• [GIVEN ENTRIES]
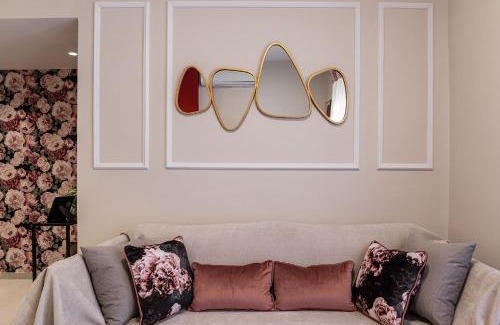 Xanthi Apartment | Zen Luxury Apartments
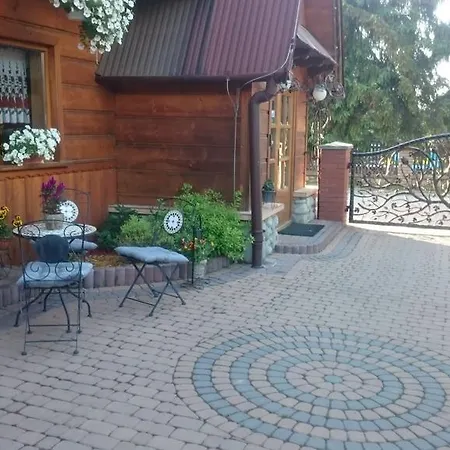 Anetka Homestay *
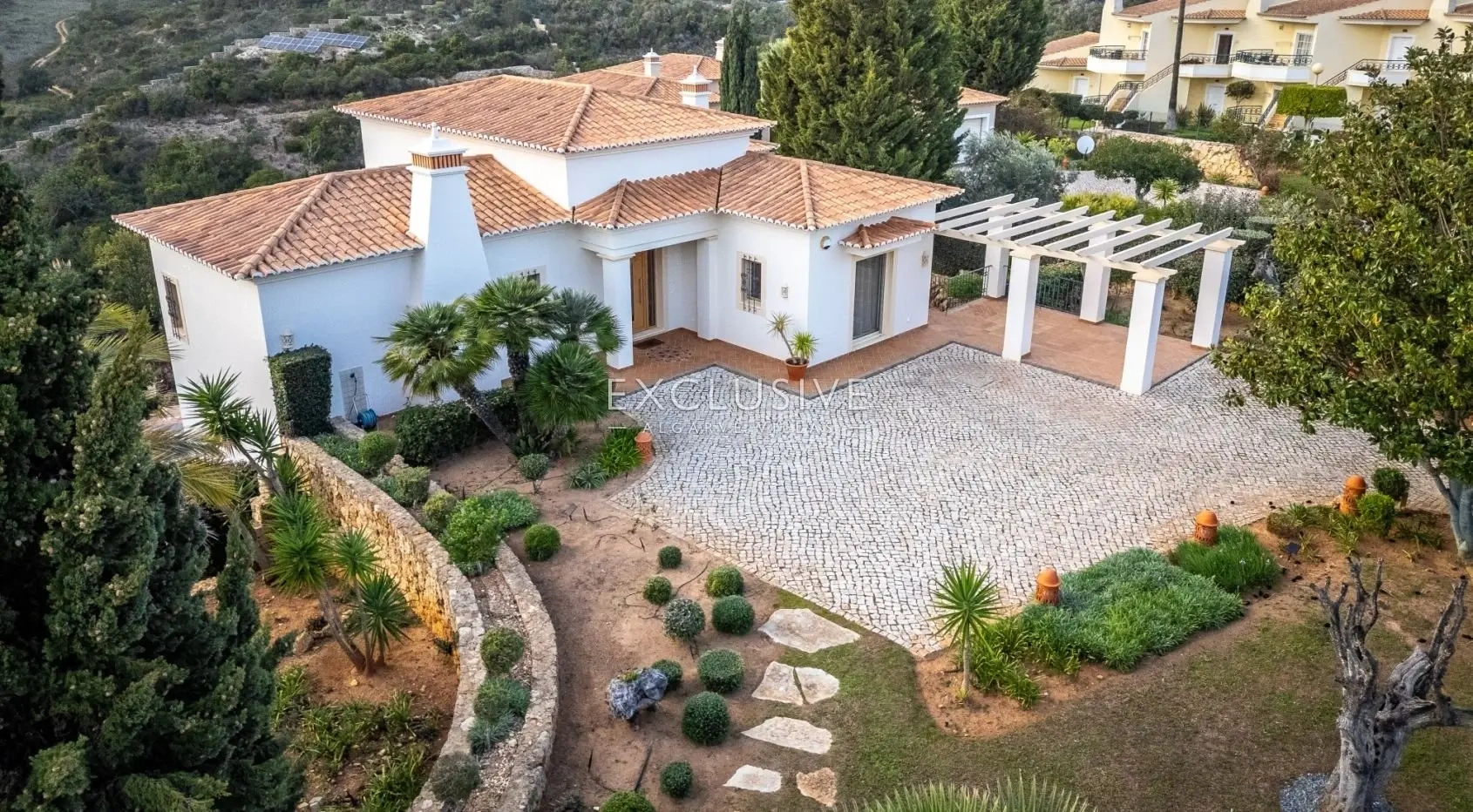 2 - vendita casa lagoa algarve portogallo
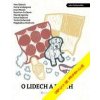 O lidech a psech - M Epstein Moník P Šabach V Fischerová P Soukupová K Tučková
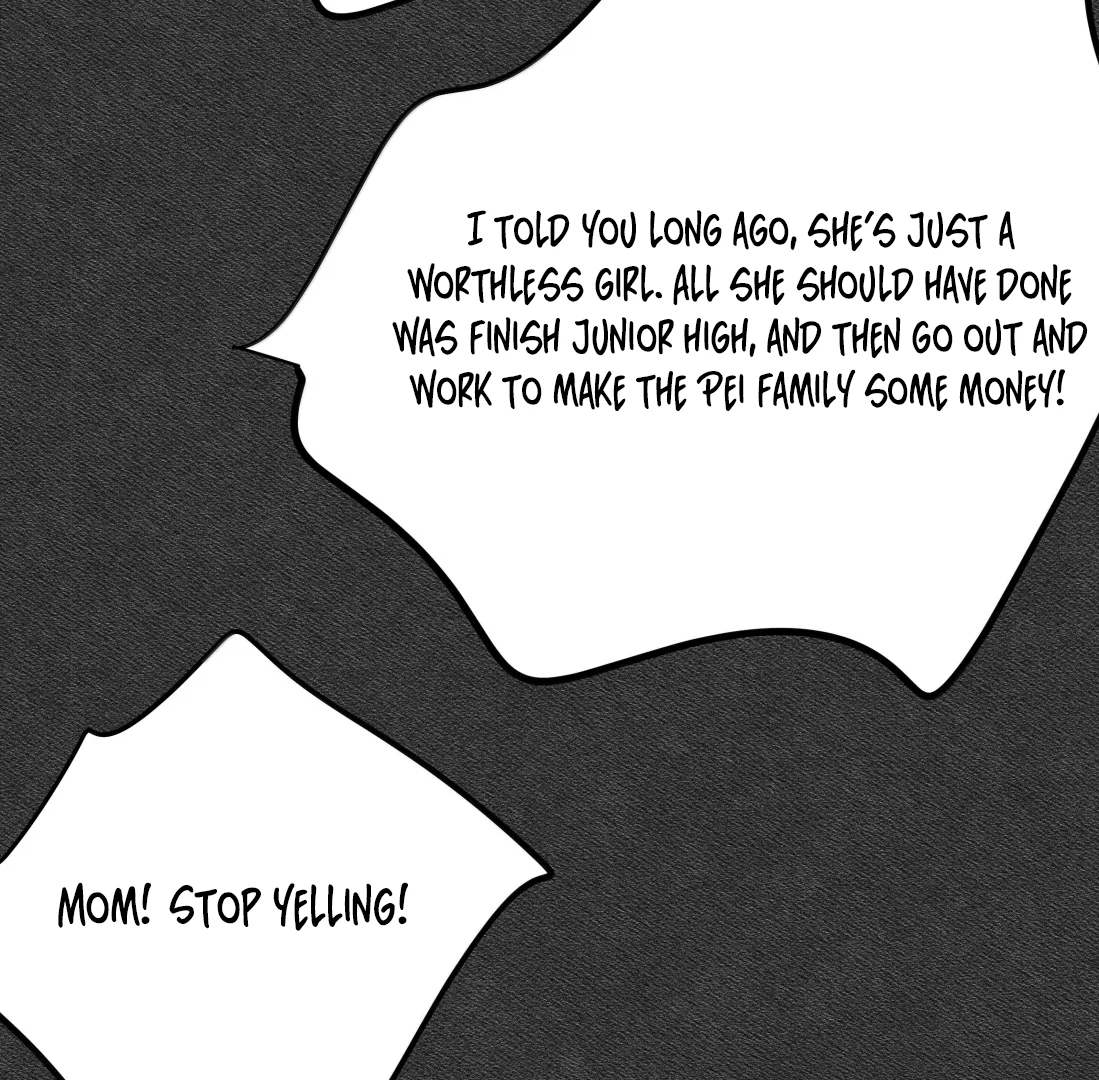 Falling in Love Gives Me Superpowers Chapter 94 - Page 48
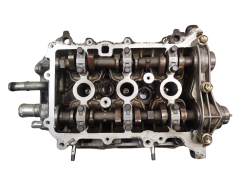 Головка блоку циліндрів Toyota Aygo 1KR 0200FW 1.0 12v C1 107 4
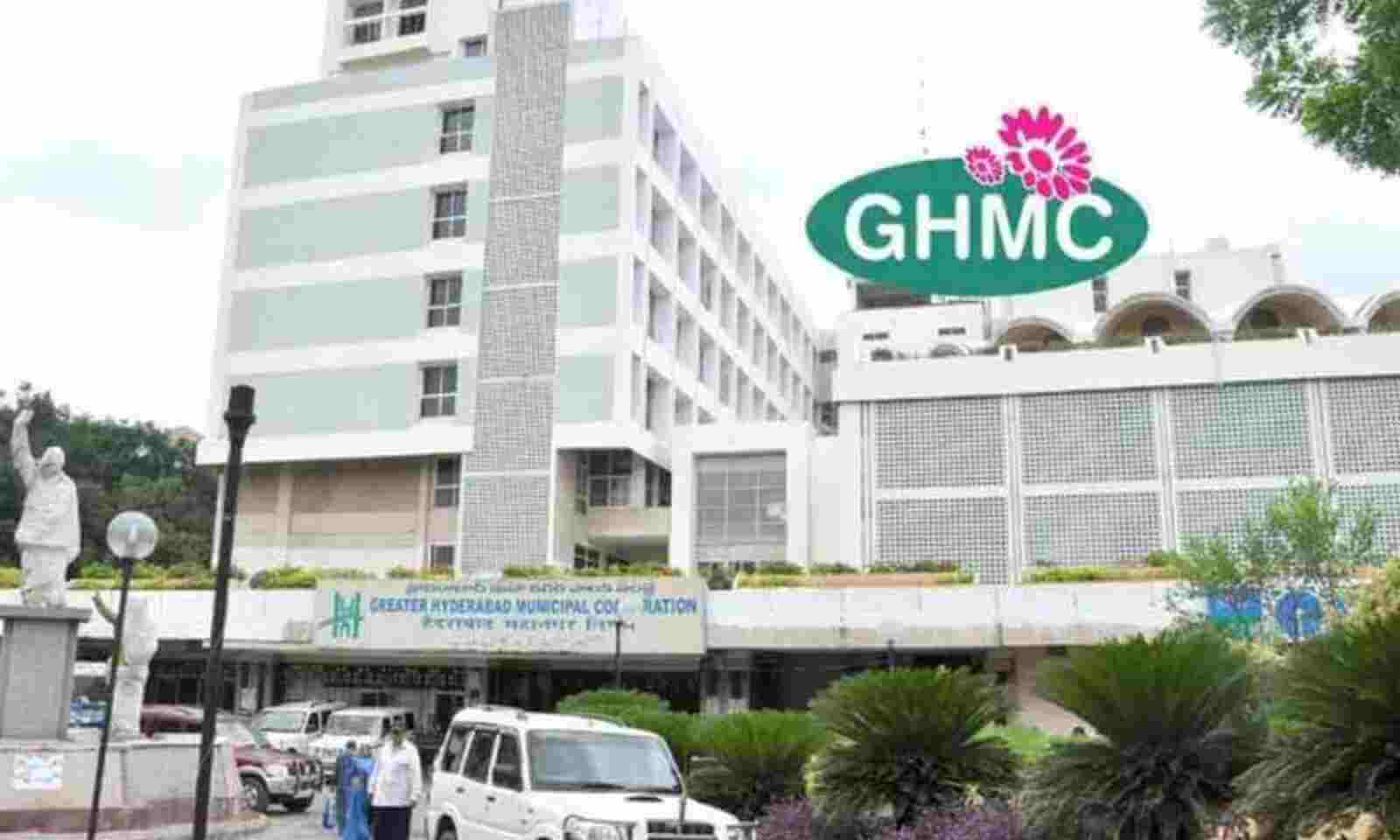 GHMC hosts Vikalangula Karya Sankalpa on World Disabled Day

• [WHAT IS BEING ASKED]
Give all the lines above again, character for character, without pictures.

• [WRITTEN ANSWER]
 Xanthi Apartment | Zen Luxury Apartments
 Anetka Homestay *
 2 - vendita casa lagoa algarve portogallo
 O lidech a psech - M Epstein Moník P Šabach V Fischerová P Soukupová K Tučková
 Falling in Love Gives Me Superpowers Chapter 94 - Page 48
 Головка блоку циліндрів Toyota Aygo 1KR 0200FW 1.0 12v C1 107 4
 GHMC hosts Vikalangula Karya Sankalpa on World Disabled Day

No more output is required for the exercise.